Contribution Guidelines#

Commit messages#

  • To automatically generate the changelog and releases we use conventional commits use the prefix feat for new features, chore for updating grunt tasks etc; no production code change, fix for bug fixes and docs for changes to the documentation. Use feat!:, or fix!:, refactor!:, etc., to represent a breaking change (indicated by the !). This will result in bump of the SemVer major version number.

Python code#

Please install the pre-commit hooks using

to automatically

  • format the code with black

  • sort the imports with isort

  • lint the code with pylint

We use type hints, which we feel is a good way of documentation and helps us find bugs using mypy.

Some of the pre-commit hooks modify the files, e.g., they trim whitespaces or format the code. If they modify your file, you will have to run git add and git commit again. To skip the pre-commit checks (not recommended) you can use git commit --no-verify.

New features#

Please make a new branch for the development of new features. Rebase on the upstream master and include a test for your new feature. (The CI checks for a drop in code coverage.)

Releases#

Releases are automated using a GitHub actions based on the commit message. Maintainers manually upload the release to PyPi.

Implementing a new PAL class#

If you want to use PyePAL with a model that we do not support yet, i.e., not GPy or sklearn Gaussian process regression, it is easy to write your own class. For this, you will need to inherit from PALBase and implement your _train and _predict() functions (and maybe also the pyepal.pal.pal_base.PALBase._set_hyperparameters and pyepal.pal.pal_base.PALBase._should_optimize_hyperparameters functions) using the design_space and y attributes of the class.

For instance, if we develop some multioutput model that has a train() and a predict() method, we could simply use the following design pattern

from pyepal import PALBase

class PALMyModel(PALBase):
    def _train(self):
        self.models[0].train(self.design_space[self.sampled], self.y[self.sampled])

    def _predict(self):
        self.mu, self.std = self.models[0].predict(self.design_space)

Note that we typically provide the models, even if it is only one, in a list to keep the API consistent.

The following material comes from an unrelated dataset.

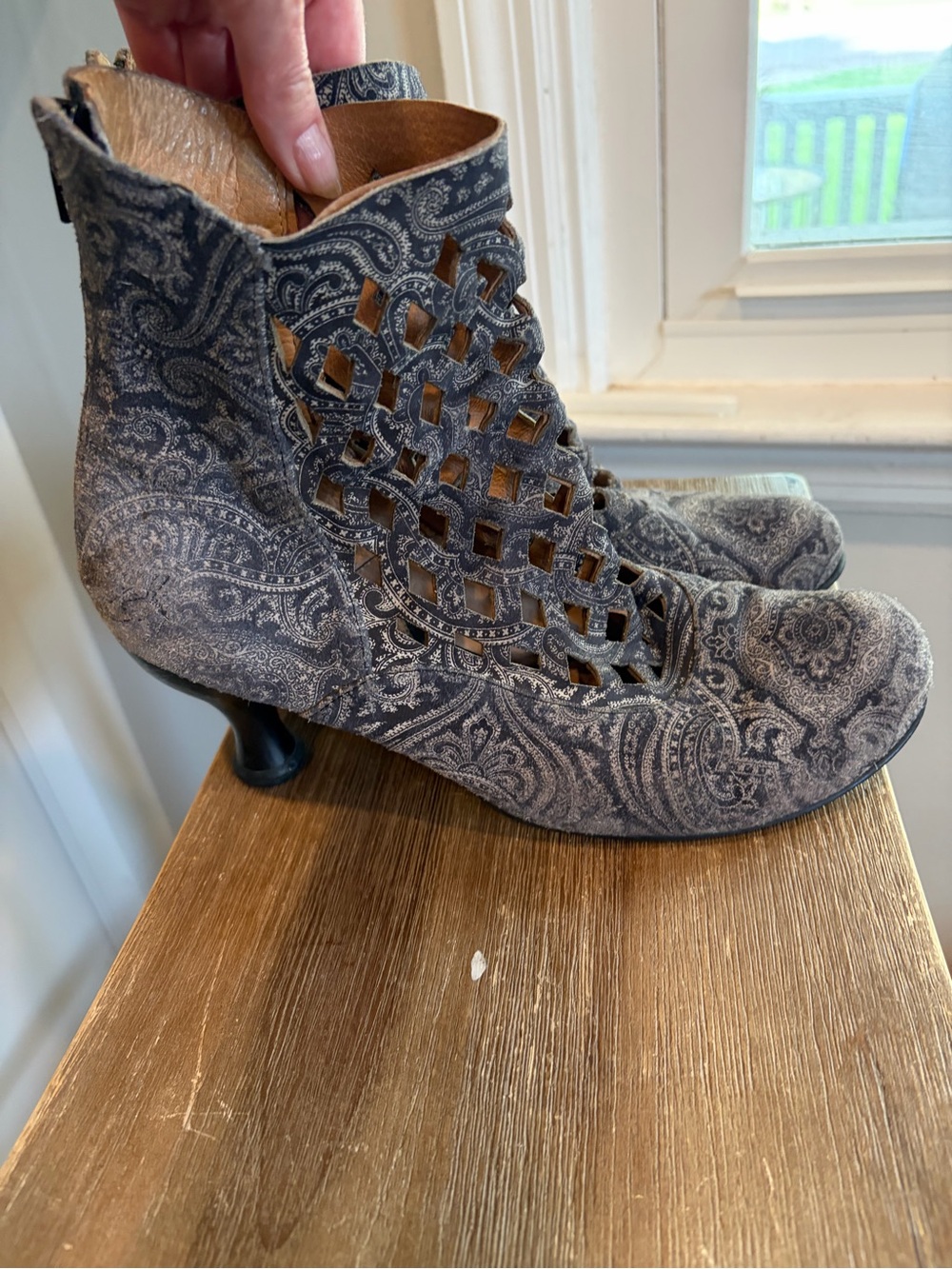JOHN Fluevog Baroque Murillo Diamond Perforated Boot size 9 paisley print - Picture 2 of 14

In some instances, you may want to perform an operation in parallel, e.g., train the models for different objectives in parallel. One convenient way to do this in Python is by using concurrent.futures. The only caveat to this that this approach requires that the function is picklable. To ensure this, you may want to implement the function that you want to parallelize, outside the class. For example, you could use the following design pattern

from pyepal import PALBase
import concurrent.futures
from functools import partial

def _train_model_picklable(i, models, design_space, objectives, sampled):
    model = models[i]
    model.fit(
        design_space[sampled[:, i]],
        objectives[sampled[:, i], i].reshape(-1, 1),
    )
    return model

class MyPal(PALBase):
    def __init__(self, *args, **kwargs):
        n_jobs = kwargs.pop("n_jobs", 1)
        validate_njobs(n_jobs)
        self.n_jobs = n_jobs
        super().__init__(*args, **kwargs)

        validate_number_models(self.models, self.ndim)

    def _train(self):
        train_single_partial = partial(
            _train_model_picklable,
            models=self.models,
            design_space=self.design_space,
            objectives=self.y,
            sampled=self.sampled,
        )
        models = []
        with concurrent.futures.ProcessPoolExecutor(
            max_workers=self.n_jobs
        ) as executor:
            for model in executor.map(train_single_partial, range(self.ndim)):
                models.append(model)
        self.models = models